Russian Foreign Minister Sergei Lavrov openly joked about how isolated Russia is at the United Nations General Assembly this week in New York City.
“Everything is fine, we are only suffering from isolation,” Lavrov said during a meeting with the Secretary General of the League of Arab States, Ahmed Abu al-Gheit, in response to a question at the UN confab about how he was doing, according to RBC.
Foreign Ministry Spokesperson Maria Zakharova, however, took a different tune, claiming that Russia still has allies at the United Nations interested in conducting diplomacy with Moscow.
The Secretary General, al-Gheit, said “there is a queue to the Russian negotiation room,” Zakharova claimed, according to RBC.
The gap between their interpretations of Russia’s status on the global stage could suggest a possible breakdown in communications at the Foreign Ministry while Russia continues to attack Ukraine on a daily basis.
The apparent confusion comes after Moscow has sought to project multiple different narratives about Russian diplomacy to the public, with the Kremlin seeking to chart a path forward even as it is shunned on the world stage.

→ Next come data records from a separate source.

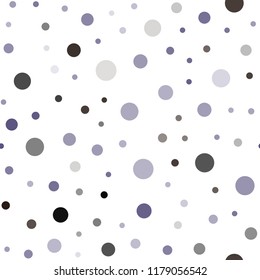Dark Pink, Yellow vector seamless layout with circle shapes. Glitter abstract illustration with blurred drops of rain. Trendy design for wallpaper, fabric makers.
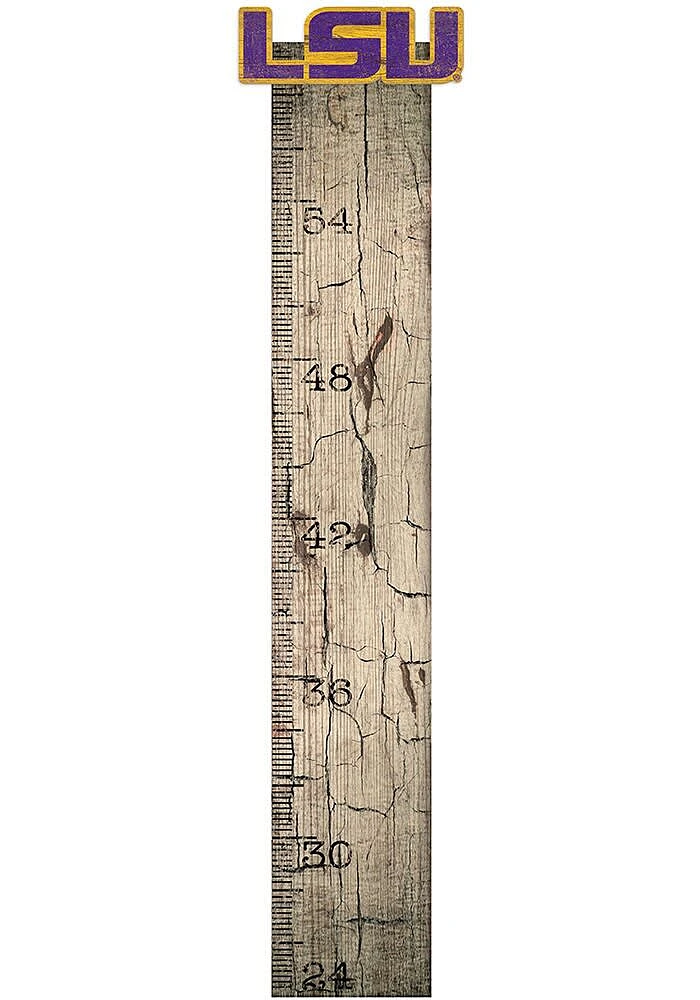 LSU Tigers Growth Chart Sign - Purple
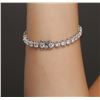 Image 6 : 18KT White Gold 9.67 ctw Diamond Tennis Bracelet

Last year, Lavrov leaned into the idea that Russia ought to end diplomacy with western countries, including in Europe.
“There is neither point nor desire to maintain the previous presence in Western states,” he said at the time. “Most importantly, there’s no work to do since Europe decided to shut off from us and sever any economic cooperation. You can’t force love.”
The Kremlin still maintains hopes of conducting diplomacy with friendly countries, however. Lavrov said Russia would focus more on relations with Latin America, Africa, and Asia. Russian President Vladimir Putin noted in April this year that Russia has no desire to “self-isolate.”
Russia has become a pariah on the world stage since Putin decided to invade Ukraine last year, with western nations levying sanctions on the president himself in addition to measures aimed at crippling Russia’s economy and ability to wage war.
Lavrov’s reported isolation at the UNGA comes as Ukrainian President Volodymyr Zelensky has called for western allies to stand against what he called Russian “genocide” in Ukraine, referring to the way Russians have allegedly abducted Ukrainian children throughout the war. Zelensky, repeating claims U.S. officials have made as well, accused Russia of weaponizing its blockade of Ukrainian grain, and threatening world food security.
Even allies of Russia have grown wary of conducting diplomacy with Russia in person, in part due to allegations that Putin himself has been involved in abducting children from Ukraine.
Putin didn’t attend the BRICS summit in South Africa earlier this year after the International Criminal Court issued an arrest warrant against him for his alleged involvement in the abductions. Officials in Austria, which has tried to remain neutral during the war, and in Armenia, which is a member of a Russian military alliance, have said they want to go after Putin if he steps foot in their country as well.